|I often wonder about the morals of the music industry - wherever in the world, or whatever level of the industry 'food chain' we look at.
Every artist anywhere 'knows' that the major labels and all of the assorted industry professionals are corrupt, money-grabbing, law-breaking [or law-making], manipulative, soul-destroying, insensitive and despicable, while everyone in the business end of the industry 'knows' that all artists/performers are narrow-minded, selfish, amateurish, neurotic, sell-outs waiting to happen.
Every promoter 'knows' that all artists are back-stabbing, unprofessional, money-hungry con-merchants, while artists 'know' that every promoter who ever existed is in it for the money, is never going to put themself out, is a failed rock star and is always on the look out for the next 'sure thing'.
Every artist 'knows' that everyone in media is on the take, has no interest in real music, is on a power-trip, is a failed rock-star and will never help out without 'advance payment', while media people 'know' that every artist is a user, a bluffer, is brainless, is desperately in need of a Manager [so they don't have to communicate directly with the 'industry'] and is as confident as nobody else in the world that he/she/they are the 'next big thing'.
So why do we all bother?
Artists know that the industry can take them further than they will ever be able to take themselves, while the industry knows that without artists - even the ones they manufacture for themselves - they'll all be reduced to selling blank CD's.

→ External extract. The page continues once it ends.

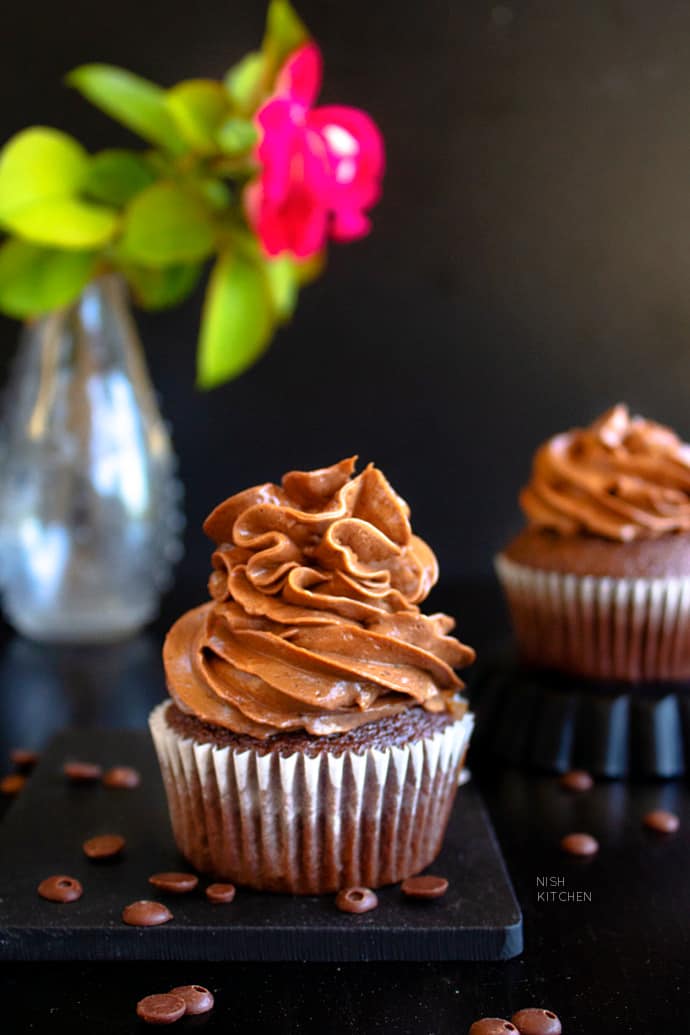 Easy chocolate cupcakes recipe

Artists, at every point along their respective paths, need some facet of the industry and - conversely - the industry, at every point along it's corporate development, needs artists.
Whether it is radio, print media or TV; local, national or international promoters; small, medium or large record labels; independent record stores or the big chains; or lawyers, accountants, managers, agents etc, all artists need to realise that there is an industry out there but it is a business and it has certain business requirements.
The industry, on the other hand needs to realise that all artists are people, not machines; that songs are works of art, not products; that trust is a pre-requisite, not a swear word; that development is natural, not contractual; that help is an opportunity for relationship-building, not an opportunity for claw-back. In case it still needs to be spelt out, in my world, the industry includes everything from bedroom performers to major labels and everything in between.
Some of us in the industry have never been in a band, have never been on a stage, have never been able to string a lyric together, would have difficulty telling an 'E' chord from an 'E' tablet, or wouldn't know which end of a guitar is 'right way up'.
Others in the industry are expert in their chosen field. Some are even multi-faceted and expert in many areas. However, I have never heard of anyone who is naturally expert in every part of the music industry from playing and writing, through recording and mastering, through marketing and distribution, to International sales and licensing. There is no way, therefore, that anyone can completely manage their own career without the assistance of at least someone else.
Despite years of trying, independent-minded artists have not, and will not, 'overthrow' the industry. Despite years of trying, record labels have not, and will not, take control of every facet of the developing scene.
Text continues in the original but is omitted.